Records provided:
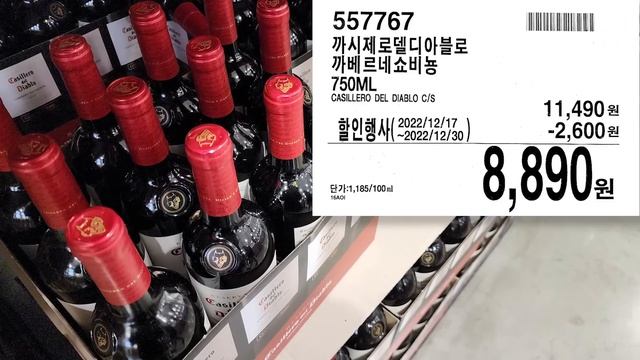 코스트코 할인상품과 더블할인 상품 17분만에 보기(2022.12.19~)침구류, 침대, 커튼, 가구, 쿠쿠압력밥솥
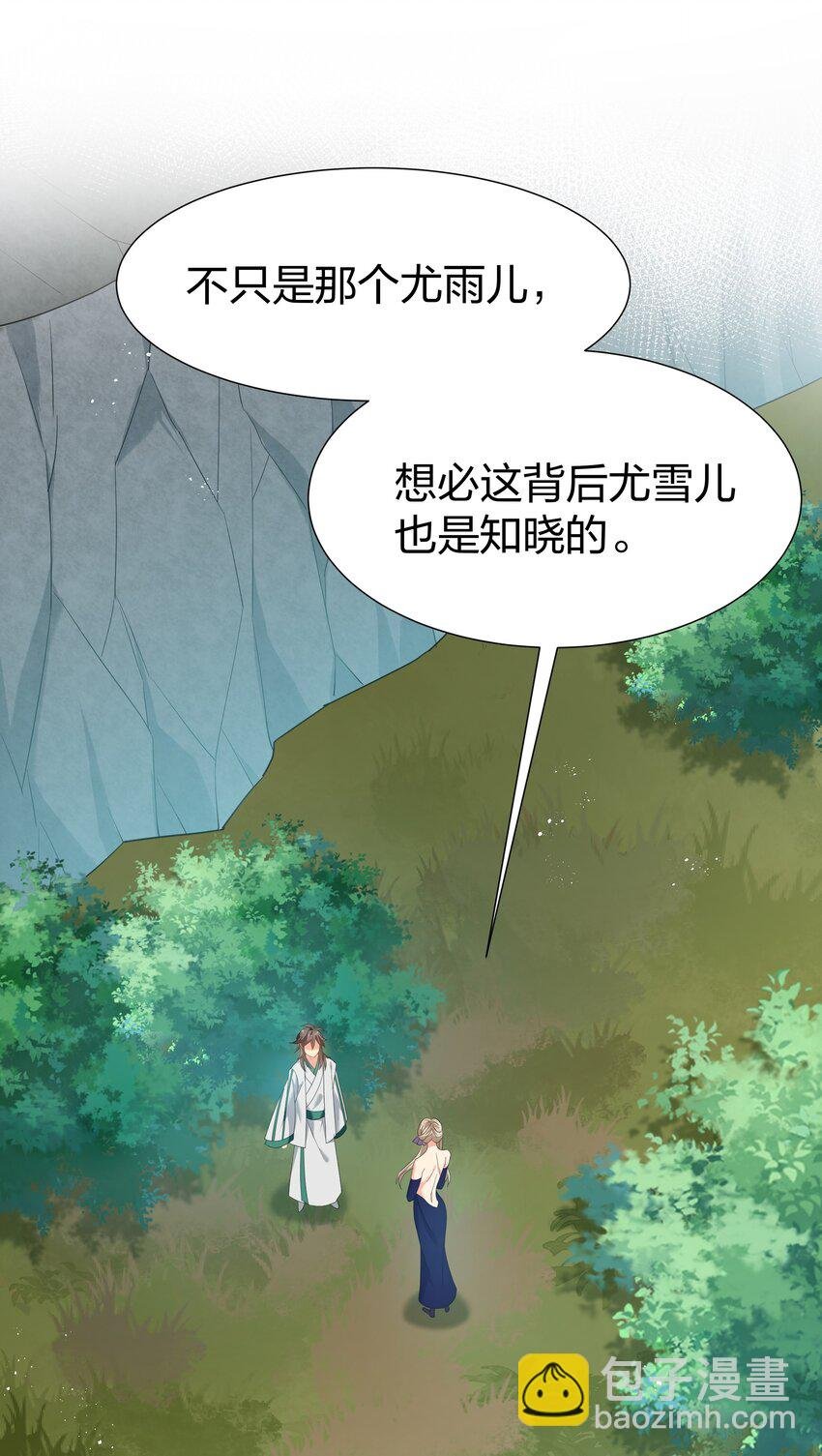 58 禁地！再次归来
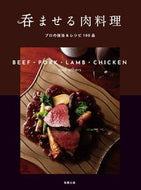 #旭屋出版 #呑ませる肉料理プロの技法＆レシピ１００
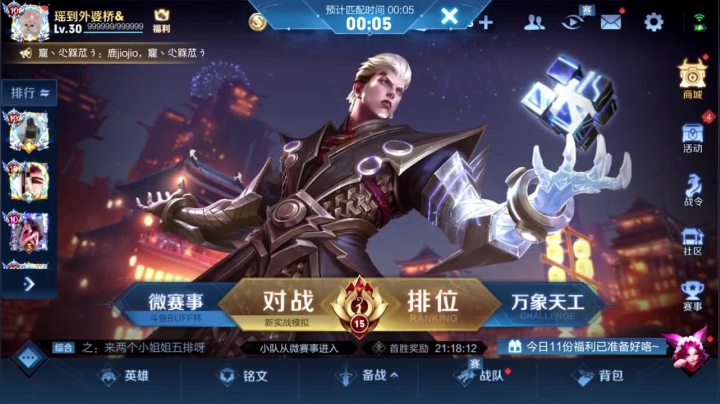 【2021-03-07 16点场】渝万rain：国服第一大乔顶级运营教学！！！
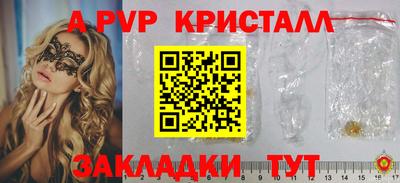 PSILOCYBIN Балахна
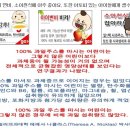 맘스 에프앤비 이미지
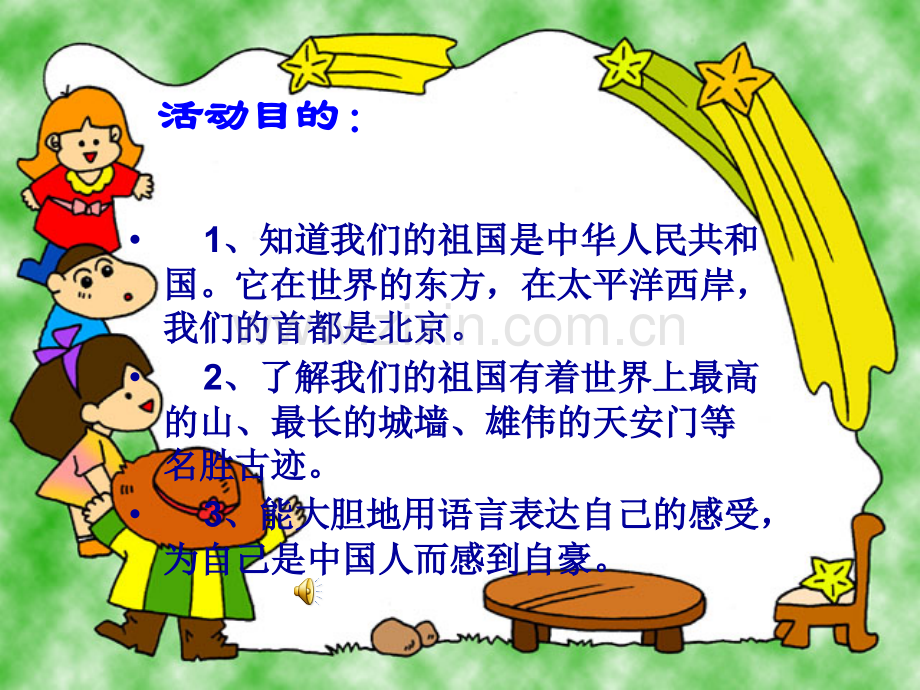 幼儿园中班故事课件PPT：蒲公英旅行记.ppt_第2页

Task objective: Give the entries above again word for word, without the pictures.

Answer box:
 코스트코 할인상품과 더블할인 상품 17분만에 보기(2022.12.19~)침구류, 침대, 커튼, 가구, 쿠쿠압력밥솥
 58 禁地！再次归来
 #旭屋出版 #呑ませる肉料理プロの技法＆レシピ１００
 【2021-03-07 16点场】渝万rain：国服第一大乔顶级运营教学！！！
 PSILOCYBIN Балахна
 맘스 에프앤비 이미지
 幼儿园中班故事课件PPT：蒲公英旅行记.ppt_第2页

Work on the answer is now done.